Black soot and ash now cloaked much of the sky. The smell of burning plastic and rubber soured the air. Already, thousands of people had crammed the pier. Knowing better, I looked for Mike's face in the crowd.

As we headed back to Atlantic Highlands, I went up to the top deck. Lower Manhattan looked ghastly. But nothing could prepare me for what came next: the collapse of the south tower. Within seconds it seemed, a huge swirl of ash and debris took down the once soaring skyscraper, changing a landscape I had known and loved since childhood.

A friend held me as a group of us watched in silence. Almost no one could get through to family and friends.

Somewhere, though, a cell phone rang. "It's my sister," a woman said. "The Pentagon's been hit!" Faces froze in disbelief. So, I thought, this is war.

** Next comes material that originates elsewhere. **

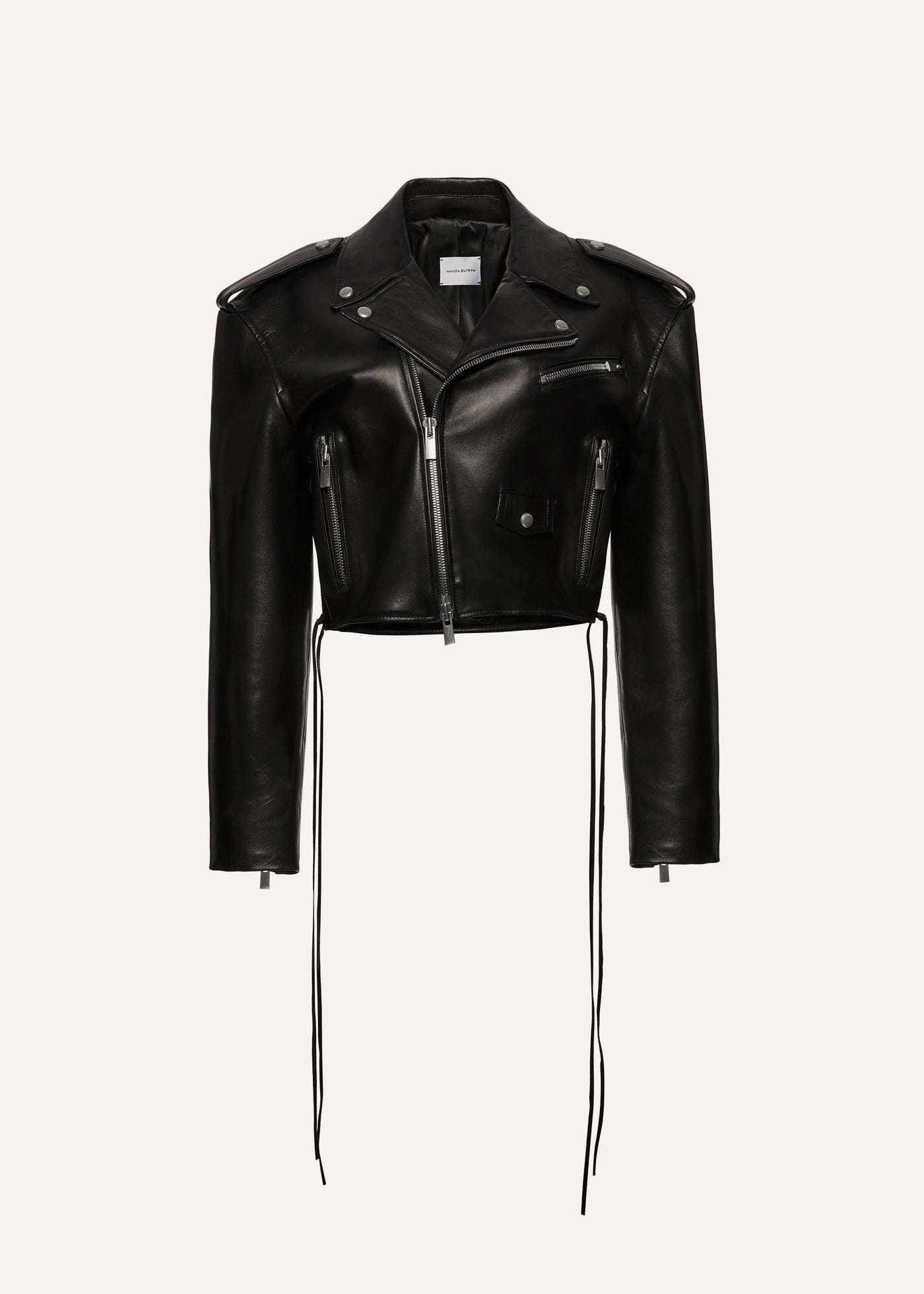 Cropped biker jacket in black leather | Magda Butrym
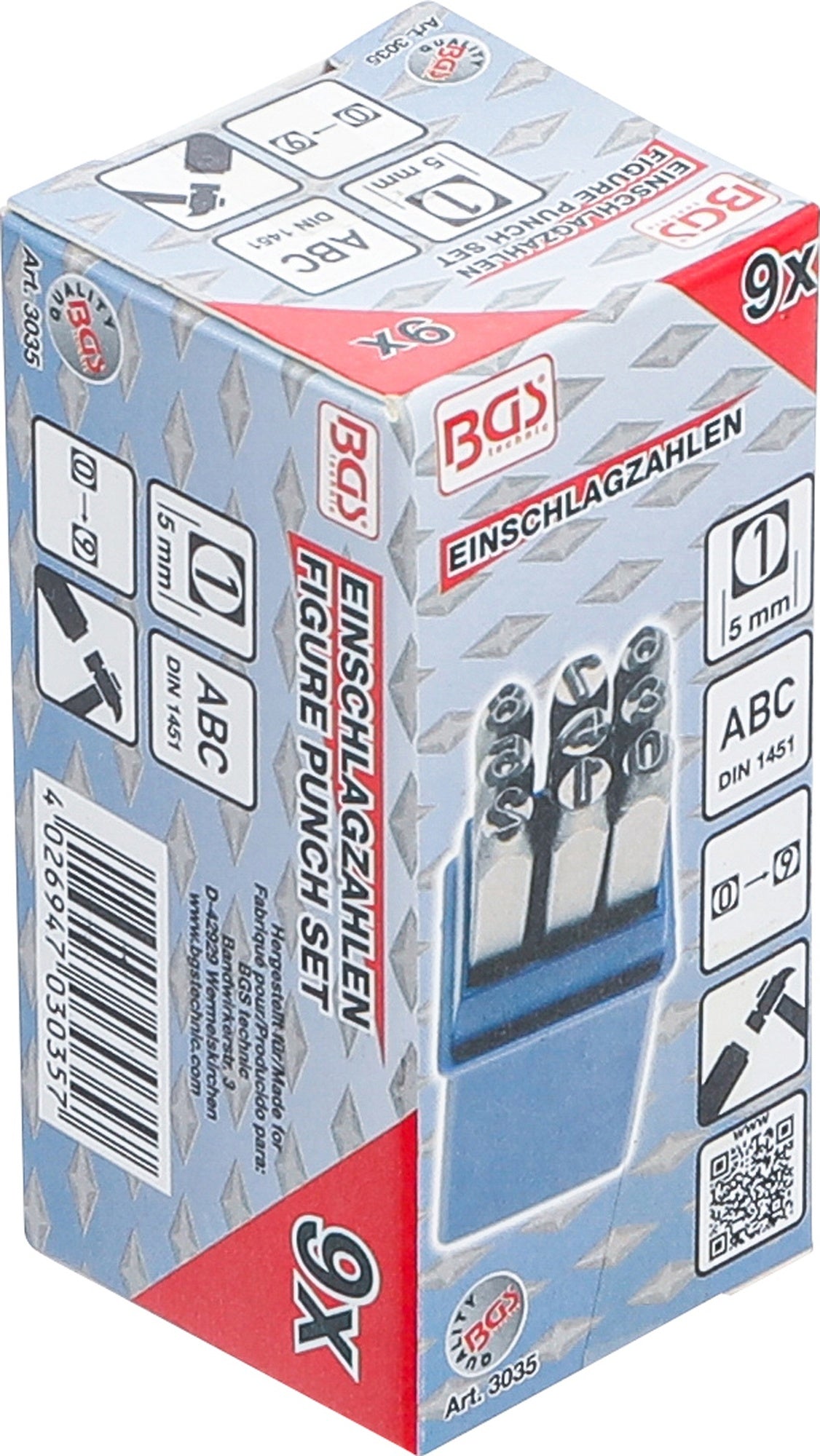 BGS 3035 Einschlagzahlen Höhe 5mm  Zahl 0 1 2 3 4 5 6 7 8 9 - 9 teilig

After the north tower fell, I tried to estimate the number of minutes Mike and Tuck would need to escape. I knew that many of the firemen, whose trucks we heard screaming down Broadway, would be crushed by falling debris.

Traders, Chaplains, Chefs
My brother Michael did not make it home on September 11. Within 48 hours, his body was pulled from a mound of twisted steel, metal, and concrete. He and Tuck had been on the 104th floor of the north tower, too high up to be saved. Tuck's body has still not been found.

The world lost two great guys on September 11. They were loving husbands, fathers, brothers, and sons, and two of the most talented traders on Wall Street.

My brother Mike was a loyal friend and superb basketball player. He had a wonderful sense of humor and loved to bodysurf. Plus, he had no cavities!

In the span of an hour or so, maybe less, the world lost thousands of other greats. Many were traders, like Mike and Tuck. Others were firemen, police officers, and chaplains. Still others were violinists, chefs, and photographers—scholars, skiers, thinkers, and dreamers.

When terrorists sliced off the top floors of those twin towers, they took some of the best and brightest. They left thousands of children without a dad or mom. They broke our hearts, but not our spirits.